I started a job in a hospital but after a couple of months, I had to leave work as the clinical environment kept triggering memories of my abortions and I had become unable to function.

I crawled into my GP's office sobbing, barely able to walk or speak. As I told her of my feelings, I encountered a wall of disbelief. I was scoffed at: "But your abortions were over 15 years ago!" I watched as she struggled to find the sympathy she felt she should show. It is hard enough to talk about your abortions, let alone having to cope with denial on the part of the practitioner."


Nancy:

"It's so hard to put into words how the abortion affected me. I became a tramp and slept with anyone and everyone. I engaged in unprotected sex and each month when I wasn't pregnant I would go into a deep depression. I was rebellious. I wanted my parents to see what I had become. I dropped out of uni. I tried suicide, but didn't have the guts to slit my wrists or blow my brains out. I couldn't get my hands on sleeping pills, so I resorted to over the counter sleep aids and booze.

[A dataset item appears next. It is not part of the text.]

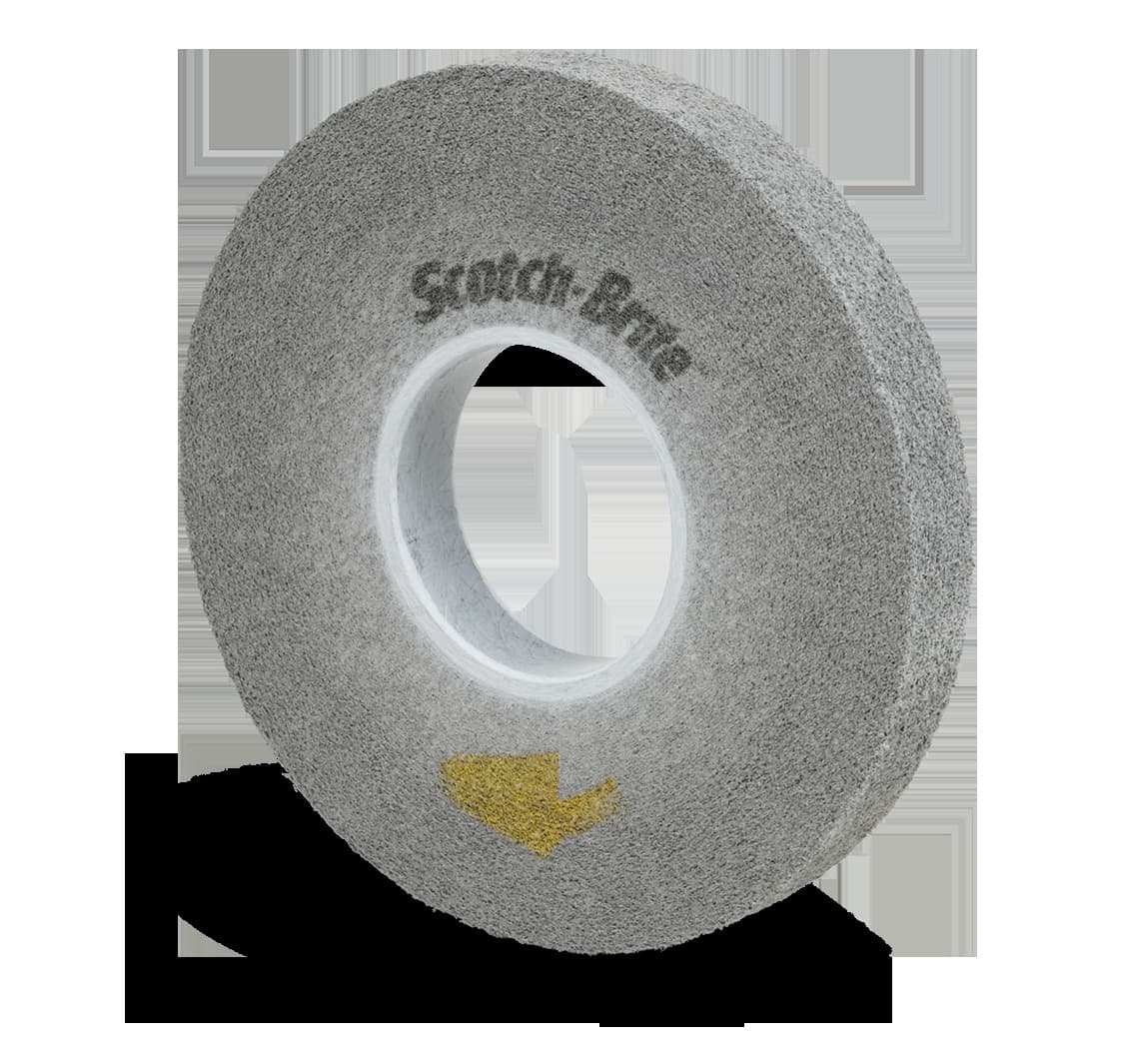 3M71-00042695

When that failed, I then tried to make relationships work with me, any man. I was driven with a need to have a child and knew if I was married my parents couldn't do anything about it."


Sally:

"Within 60 days I was in what I now call the 3D's - drugs, daring and death and that's where I remained for 3 years. I was doing drugs constantly and never went straight. I went to church stoned. I went to my job stoned. I ruined my career.

I was living on the edge of a daring life. I was the person you saw on the ski slopes coming down missing the trees, doing flips and hitting the ski jumps at 90 miles per hour. I was driving fast and drinking because I had lost my self worth. I had everything bottled up within me. I was waiting for life to be snatched from me because it had lost its meaning and I wanted to die to atone for the one I had allowed to be taken."


Jenny:

"Within a month of the abortion, my hair started turning grey. I almost lost my part-time job because I cried so often at work. When I drove the car, I was frequently blinded by tears and had several minor accidents, any one of which could have been serious. I often had thought of killing myself and my children."